The Wretched and the Earth
During August 2017, hundreds of thousands of ethnic Rohingya flocked to Bangladesh, fleeing persecution in their home country of Myanmar. After 5 years, still one million refugees are housed in make- shift camps in the Bengali region of Cox’s Bazar and while their living conditions remain precarious, the future of these families remains uncertain.
The project aims to document the short- and long- term environmental impact of sudden mass migration in order to understand the indissoluble relation- ship between human beings and their environment by following two very pressing narratives: people struggling to survive on precious few resources and the impact of the refugee crisis on an already beleaguered ecosystem. Usually the environmental migration narrative focuses on migration as a result of the effects of climate change, but what happens when it is a large migration that causes climate and environmental change?
During a mass migration, huge numbers of people are concentrated in a relatively small area with basic needs to be met: especially in the emergency phase of the crisis, as happened in southern Bangladesh, the pressure on an already fragile local ecosystem can be unsustainable: in just a few months, water resources are rapidly degrading, the Teknaf nature reserve has lost more than 8,000 acres to the setting up of camps and the need by refugees to collect wood for cooking, there have been problems with local wildlife and waste management, risks of fires in the dry season and landslides and flooding during the monsoons.

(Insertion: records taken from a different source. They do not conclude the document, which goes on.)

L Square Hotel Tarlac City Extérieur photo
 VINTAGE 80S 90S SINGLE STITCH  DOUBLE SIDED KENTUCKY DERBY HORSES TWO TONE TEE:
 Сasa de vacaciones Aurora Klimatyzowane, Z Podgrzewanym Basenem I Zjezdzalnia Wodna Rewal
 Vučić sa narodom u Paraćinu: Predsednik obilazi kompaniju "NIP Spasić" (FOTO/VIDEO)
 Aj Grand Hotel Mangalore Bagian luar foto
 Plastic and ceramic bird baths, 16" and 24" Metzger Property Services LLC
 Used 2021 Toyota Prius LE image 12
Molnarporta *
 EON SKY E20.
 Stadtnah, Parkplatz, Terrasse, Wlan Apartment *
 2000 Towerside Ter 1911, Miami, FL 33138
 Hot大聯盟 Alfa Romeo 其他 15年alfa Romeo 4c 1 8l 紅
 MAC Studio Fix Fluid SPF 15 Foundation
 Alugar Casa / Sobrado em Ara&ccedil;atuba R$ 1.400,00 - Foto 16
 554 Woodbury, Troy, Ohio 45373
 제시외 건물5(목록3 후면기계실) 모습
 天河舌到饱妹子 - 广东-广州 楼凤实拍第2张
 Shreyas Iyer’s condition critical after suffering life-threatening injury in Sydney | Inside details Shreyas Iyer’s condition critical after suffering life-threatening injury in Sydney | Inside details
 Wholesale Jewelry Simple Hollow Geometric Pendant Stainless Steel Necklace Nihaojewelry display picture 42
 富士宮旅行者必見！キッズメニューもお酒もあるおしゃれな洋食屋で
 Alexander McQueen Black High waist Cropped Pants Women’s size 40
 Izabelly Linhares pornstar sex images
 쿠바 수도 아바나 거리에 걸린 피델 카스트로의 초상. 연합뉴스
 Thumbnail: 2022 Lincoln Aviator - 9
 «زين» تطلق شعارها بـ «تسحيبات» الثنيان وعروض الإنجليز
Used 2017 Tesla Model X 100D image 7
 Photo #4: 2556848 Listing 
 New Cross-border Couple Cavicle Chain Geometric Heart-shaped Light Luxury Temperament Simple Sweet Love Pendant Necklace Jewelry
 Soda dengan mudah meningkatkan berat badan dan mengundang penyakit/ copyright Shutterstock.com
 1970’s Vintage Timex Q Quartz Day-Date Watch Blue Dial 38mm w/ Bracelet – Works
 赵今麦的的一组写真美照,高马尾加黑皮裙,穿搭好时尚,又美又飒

Five years after the influx with little hope of a repatriation agreement between Bangladesh and Myanmar and despite humanitarian and environmental conditions remain critical, thanks to the work of the international cooperation the living conditions of the population have generally improved: camps are better organized, reforestation programs have been implemented and infrastructure has been established to manage essential services.
Today we have more than 100 million refugees worldwide, the highest number ever, and many mass migrations today and in the future will face the same problems. In a particularly fragile region of a country that is one of the most vulnerable to climate change in the world, the unfolding environmental crisis and its management in Cox’s Bazar is a unique case study and an acute example of the challenges posed by mass migration.